Whether or not it so characterizes individual Founding Fathers, America’s beginning is steeped heavily in Judeo-Christian tradition and worldviews. While it draws from Classical and Enlightenment philosophy, it is from those worldviews that we derive a moral compass, that stubborn sense of right and wrong, honor and shame, and a respect for human life and freedom. These are worldviews that historically have competed successfully against all others. From it our way of life is taken, and a cultural narrative is constructed and enshrined into the American mind. But that way of life is precarious, unstable once post-modernism undermines the validity of the foundational worldviews.

The greatest threat to our standing in this world is this fading of American exceptionalism; not just the simple belief that we are exceptional (which is under assault) but the practical reality of an exceptional productive culture.
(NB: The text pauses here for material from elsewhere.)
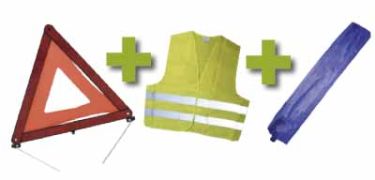 KIT DE SÉCURITÉ + POCHETTE MINIE BLEUE + GILET FLUO + TRIANGLE DE PRESIGNALITSATION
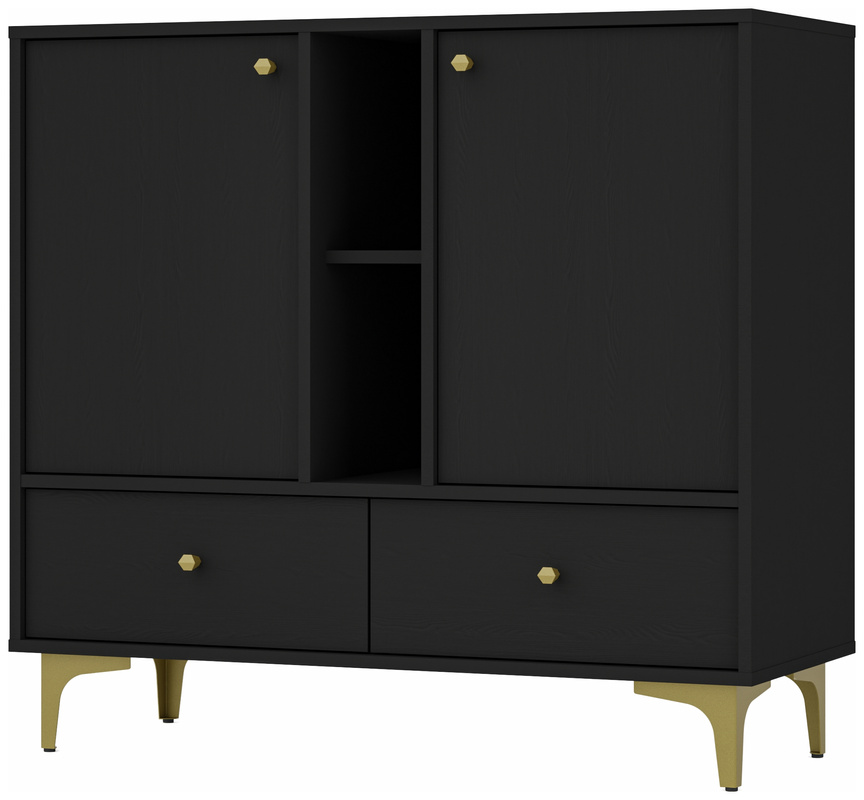 Nowoczesna czarna mała komoda z szufladami 100 cm TOKEN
That is, freedom of religion strikes us as a particularly good principle, but becomes worthless in a society that hardly values religion itself. Who will die for a freedom that makes little impact in one’s own life? Freedom of speech is highly valuable to a culture where a cacophony of ideas and voices enrich a life and create and produce. But when the voices start to sound the same for lack of careful thought, when freedom of speech is most commonly interpreted as the freedom and mandate to express what one is feeling at a given moment, whether another listens or not, cares or not, this is no longer a treasured freedom. Writers from Solzhenitsyn who, finding the freedom to critique, opine and understand long denied him in the Soviet Union, lamented the trivial expressions of that freedom he encountered here, to Postman to McLuhan to Bloom, have spent careers attempting to understand the decline in the quality of Western thought among the general population. Freedom is not the end in and of itself, but necessary for a great many ends, so long as those ends are sought after. And when they are not, those freedoms cease to be a critical part of the social narrative.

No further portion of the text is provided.